[[ EXTRACTED DATA open ]]

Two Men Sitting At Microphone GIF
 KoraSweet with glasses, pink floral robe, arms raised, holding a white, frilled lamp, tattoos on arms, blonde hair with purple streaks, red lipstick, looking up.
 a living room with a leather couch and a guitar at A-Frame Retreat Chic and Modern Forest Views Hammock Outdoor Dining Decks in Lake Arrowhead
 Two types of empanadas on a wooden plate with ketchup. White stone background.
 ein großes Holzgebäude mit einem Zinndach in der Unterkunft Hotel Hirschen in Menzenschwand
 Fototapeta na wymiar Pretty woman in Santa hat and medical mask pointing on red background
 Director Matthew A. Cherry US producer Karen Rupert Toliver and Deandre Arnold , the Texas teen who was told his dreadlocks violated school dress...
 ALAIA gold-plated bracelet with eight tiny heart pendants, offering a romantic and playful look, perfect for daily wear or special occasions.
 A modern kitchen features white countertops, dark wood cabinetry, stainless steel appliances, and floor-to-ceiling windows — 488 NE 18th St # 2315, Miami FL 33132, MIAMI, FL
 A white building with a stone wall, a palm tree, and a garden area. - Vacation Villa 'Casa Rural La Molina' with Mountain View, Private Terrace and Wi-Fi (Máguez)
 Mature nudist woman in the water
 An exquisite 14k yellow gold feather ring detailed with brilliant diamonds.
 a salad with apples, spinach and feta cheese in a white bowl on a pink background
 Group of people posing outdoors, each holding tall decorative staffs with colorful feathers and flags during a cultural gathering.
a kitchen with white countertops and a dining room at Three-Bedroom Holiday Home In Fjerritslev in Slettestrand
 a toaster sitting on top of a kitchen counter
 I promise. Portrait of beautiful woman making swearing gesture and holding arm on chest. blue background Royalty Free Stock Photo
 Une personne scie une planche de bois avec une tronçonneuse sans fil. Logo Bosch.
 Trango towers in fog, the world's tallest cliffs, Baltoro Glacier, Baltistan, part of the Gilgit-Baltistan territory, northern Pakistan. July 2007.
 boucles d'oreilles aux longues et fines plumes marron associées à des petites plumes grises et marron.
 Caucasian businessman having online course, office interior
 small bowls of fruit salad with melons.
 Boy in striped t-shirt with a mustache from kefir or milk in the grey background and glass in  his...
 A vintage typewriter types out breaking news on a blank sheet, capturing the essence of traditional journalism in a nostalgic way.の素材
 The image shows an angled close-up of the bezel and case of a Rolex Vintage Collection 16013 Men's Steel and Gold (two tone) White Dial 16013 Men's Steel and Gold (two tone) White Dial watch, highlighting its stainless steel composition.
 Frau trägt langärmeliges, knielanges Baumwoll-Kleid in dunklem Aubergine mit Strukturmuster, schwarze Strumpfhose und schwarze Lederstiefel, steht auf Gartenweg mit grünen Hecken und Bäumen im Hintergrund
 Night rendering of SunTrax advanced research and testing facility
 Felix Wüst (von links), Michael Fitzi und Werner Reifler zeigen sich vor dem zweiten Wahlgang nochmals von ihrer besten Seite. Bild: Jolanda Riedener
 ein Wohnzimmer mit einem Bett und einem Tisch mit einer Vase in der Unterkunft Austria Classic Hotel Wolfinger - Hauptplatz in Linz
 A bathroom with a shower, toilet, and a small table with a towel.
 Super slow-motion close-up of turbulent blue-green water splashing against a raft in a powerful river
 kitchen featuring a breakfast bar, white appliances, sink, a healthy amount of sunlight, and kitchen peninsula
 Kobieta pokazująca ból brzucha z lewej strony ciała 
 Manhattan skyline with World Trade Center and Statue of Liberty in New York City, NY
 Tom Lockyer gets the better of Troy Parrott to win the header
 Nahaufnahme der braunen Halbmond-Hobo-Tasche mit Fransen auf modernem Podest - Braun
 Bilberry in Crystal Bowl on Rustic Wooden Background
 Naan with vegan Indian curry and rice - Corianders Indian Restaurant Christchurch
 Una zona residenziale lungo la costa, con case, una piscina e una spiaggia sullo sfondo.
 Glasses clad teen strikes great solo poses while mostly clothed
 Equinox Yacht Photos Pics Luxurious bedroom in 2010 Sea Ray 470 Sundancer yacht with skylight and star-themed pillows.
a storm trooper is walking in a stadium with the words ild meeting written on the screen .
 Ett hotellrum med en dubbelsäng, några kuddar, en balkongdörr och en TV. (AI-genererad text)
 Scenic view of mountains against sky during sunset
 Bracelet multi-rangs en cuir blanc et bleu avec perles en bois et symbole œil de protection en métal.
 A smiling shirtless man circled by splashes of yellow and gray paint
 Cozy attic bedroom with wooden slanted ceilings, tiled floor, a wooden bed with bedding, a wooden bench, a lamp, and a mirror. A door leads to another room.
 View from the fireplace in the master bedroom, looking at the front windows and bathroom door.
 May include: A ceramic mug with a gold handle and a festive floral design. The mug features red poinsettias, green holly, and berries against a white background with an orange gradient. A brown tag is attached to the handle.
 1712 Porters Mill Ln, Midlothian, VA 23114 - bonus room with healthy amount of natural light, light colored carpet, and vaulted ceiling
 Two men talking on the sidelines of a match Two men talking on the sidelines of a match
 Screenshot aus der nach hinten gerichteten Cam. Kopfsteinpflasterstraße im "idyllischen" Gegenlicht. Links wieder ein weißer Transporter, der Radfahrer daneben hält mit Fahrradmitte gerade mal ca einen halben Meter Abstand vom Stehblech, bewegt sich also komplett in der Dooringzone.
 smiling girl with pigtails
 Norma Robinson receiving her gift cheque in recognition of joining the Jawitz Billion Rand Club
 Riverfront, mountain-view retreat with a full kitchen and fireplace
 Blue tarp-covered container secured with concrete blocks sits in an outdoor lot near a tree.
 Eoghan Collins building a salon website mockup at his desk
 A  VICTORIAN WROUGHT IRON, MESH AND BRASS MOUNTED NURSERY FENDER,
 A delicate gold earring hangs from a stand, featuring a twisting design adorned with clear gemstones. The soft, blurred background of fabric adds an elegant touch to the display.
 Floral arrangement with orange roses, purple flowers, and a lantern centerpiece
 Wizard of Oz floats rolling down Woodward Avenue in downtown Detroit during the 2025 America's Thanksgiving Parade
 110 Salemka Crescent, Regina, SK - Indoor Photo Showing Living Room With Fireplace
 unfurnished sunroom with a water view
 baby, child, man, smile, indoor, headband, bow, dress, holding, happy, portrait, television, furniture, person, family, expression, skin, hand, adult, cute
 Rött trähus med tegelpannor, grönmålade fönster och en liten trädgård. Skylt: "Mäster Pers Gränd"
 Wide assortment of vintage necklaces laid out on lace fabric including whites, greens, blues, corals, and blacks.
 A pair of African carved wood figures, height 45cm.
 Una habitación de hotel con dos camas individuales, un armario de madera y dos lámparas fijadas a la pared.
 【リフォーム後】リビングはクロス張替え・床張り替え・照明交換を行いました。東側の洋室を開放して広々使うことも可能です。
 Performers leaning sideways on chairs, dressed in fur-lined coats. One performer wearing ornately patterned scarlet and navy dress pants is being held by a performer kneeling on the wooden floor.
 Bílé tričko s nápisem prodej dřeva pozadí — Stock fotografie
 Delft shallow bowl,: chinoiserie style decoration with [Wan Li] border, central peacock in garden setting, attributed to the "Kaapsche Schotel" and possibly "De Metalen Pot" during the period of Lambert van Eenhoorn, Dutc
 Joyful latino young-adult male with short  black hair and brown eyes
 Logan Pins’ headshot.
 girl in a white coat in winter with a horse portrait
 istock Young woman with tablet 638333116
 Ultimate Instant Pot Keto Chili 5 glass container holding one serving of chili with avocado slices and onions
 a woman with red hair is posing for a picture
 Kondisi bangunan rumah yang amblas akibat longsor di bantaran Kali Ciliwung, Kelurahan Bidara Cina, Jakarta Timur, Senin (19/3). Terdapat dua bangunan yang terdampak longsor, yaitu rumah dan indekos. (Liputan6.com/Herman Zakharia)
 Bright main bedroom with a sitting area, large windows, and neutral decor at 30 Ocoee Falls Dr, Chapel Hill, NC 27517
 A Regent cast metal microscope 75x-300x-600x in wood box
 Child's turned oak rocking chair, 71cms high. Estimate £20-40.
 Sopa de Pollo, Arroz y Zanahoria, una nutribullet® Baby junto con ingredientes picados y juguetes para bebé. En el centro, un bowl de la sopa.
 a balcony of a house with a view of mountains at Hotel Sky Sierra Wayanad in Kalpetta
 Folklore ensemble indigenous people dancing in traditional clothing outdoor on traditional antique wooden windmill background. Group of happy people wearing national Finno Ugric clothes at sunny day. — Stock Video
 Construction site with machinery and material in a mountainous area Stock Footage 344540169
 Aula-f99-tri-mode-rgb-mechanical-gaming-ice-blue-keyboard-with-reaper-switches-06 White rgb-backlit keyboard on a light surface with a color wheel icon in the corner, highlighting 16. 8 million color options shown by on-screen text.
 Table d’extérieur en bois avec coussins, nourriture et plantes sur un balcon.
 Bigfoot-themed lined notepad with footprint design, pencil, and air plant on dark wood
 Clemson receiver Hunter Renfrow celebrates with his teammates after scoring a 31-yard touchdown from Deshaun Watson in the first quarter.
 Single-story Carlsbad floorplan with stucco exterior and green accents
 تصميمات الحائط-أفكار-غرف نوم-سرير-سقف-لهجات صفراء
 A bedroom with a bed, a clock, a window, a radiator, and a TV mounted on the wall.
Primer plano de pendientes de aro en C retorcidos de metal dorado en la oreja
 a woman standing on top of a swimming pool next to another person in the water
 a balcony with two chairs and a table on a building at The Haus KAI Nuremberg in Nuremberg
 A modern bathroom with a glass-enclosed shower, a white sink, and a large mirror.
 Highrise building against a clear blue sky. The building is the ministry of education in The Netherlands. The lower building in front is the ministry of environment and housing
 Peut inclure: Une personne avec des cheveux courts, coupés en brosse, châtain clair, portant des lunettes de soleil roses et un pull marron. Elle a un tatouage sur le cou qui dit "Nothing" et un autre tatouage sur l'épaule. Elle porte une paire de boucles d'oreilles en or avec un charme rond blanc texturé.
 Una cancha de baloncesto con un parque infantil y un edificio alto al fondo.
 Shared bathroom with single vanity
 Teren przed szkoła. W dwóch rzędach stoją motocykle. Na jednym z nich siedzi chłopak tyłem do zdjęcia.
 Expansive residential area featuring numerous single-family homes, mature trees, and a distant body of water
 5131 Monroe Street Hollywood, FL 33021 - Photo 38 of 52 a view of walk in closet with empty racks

[[ EXTRACTED DATA closed ]]

TASK: When you reach the line containing "Performers leaning sideways" in the data above, start copying exactly, and stop after the line containing "Table d’extérieur en".

RESPONSE:
 Performers leaning sideways on chairs, dressed in fur-lined coats. One performer wearing ornately patterned scarlet and navy dress pants is being held by a performer kneeling on the wooden floor.
 Bílé tričko s nápisem prodej dřeva pozadí — Stock fotografie
 Delft shallow bowl,: chinoiserie style decoration with [Wan Li] border, central peacock in garden setting, attributed to the "Kaapsche Schotel" and possibly "De Metalen Pot" during the period of Lambert van Eenhoorn, Dutc
 Joyful latino young-adult male with short  black hair and brown eyes
 Logan Pins’ headshot.
 girl in a white coat in winter with a horse portrait
 istock Young woman with tablet 638333116
 Ultimate Instant Pot Keto Chili 5 glass container holding one serving of chili with avocado slices and onions
 a woman with red hair is posing for a picture
 Kondisi bangunan rumah yang amblas akibat longsor di bantaran Kali Ciliwung, Kelurahan Bidara Cina, Jakarta Timur, Senin (19/3). Terdapat dua bangunan yang terdampak longsor, yaitu rumah dan indekos. (Liputan6.com/Herman Zakharia)
 Bright main bedroom with a sitting area, large windows, and neutral decor at 30 Ocoee Falls Dr, Chapel Hill, NC 27517
 A Regent cast metal microscope 75x-300x-600x in wood box
 Child's turned oak rocking chair, 71cms high. Estimate £20-40.
 Sopa de Pollo, Arroz y Zanahoria, una nutribullet® Baby junto con ingredientes picados y juguetes para bebé. En el centro, un bowl de la sopa.
 a balcony of a house with a view of mountains at Hotel Sky Sierra Wayanad in Kalpetta
 Folklore ensemble indigenous people dancing in traditional clothing outdoor on traditional antique wooden windmill background. Group of happy people wearing national Finno Ugric clothes at sunny day. — Stock Video
 Construction site with machinery and material in a mountainous area Stock Footage 344540169
 Aula-f99-tri-mode-rgb-mechanical-gaming-ice-blue-keyboard-with-reaper-switches-06 White rgb-backlit keyboard on a light surface with a color wheel icon in the corner, highlighting 16. 8 million color options shown by on-screen text.
 Table d’extérieur en bois avec coussins, nourriture et plantes sur un balcon.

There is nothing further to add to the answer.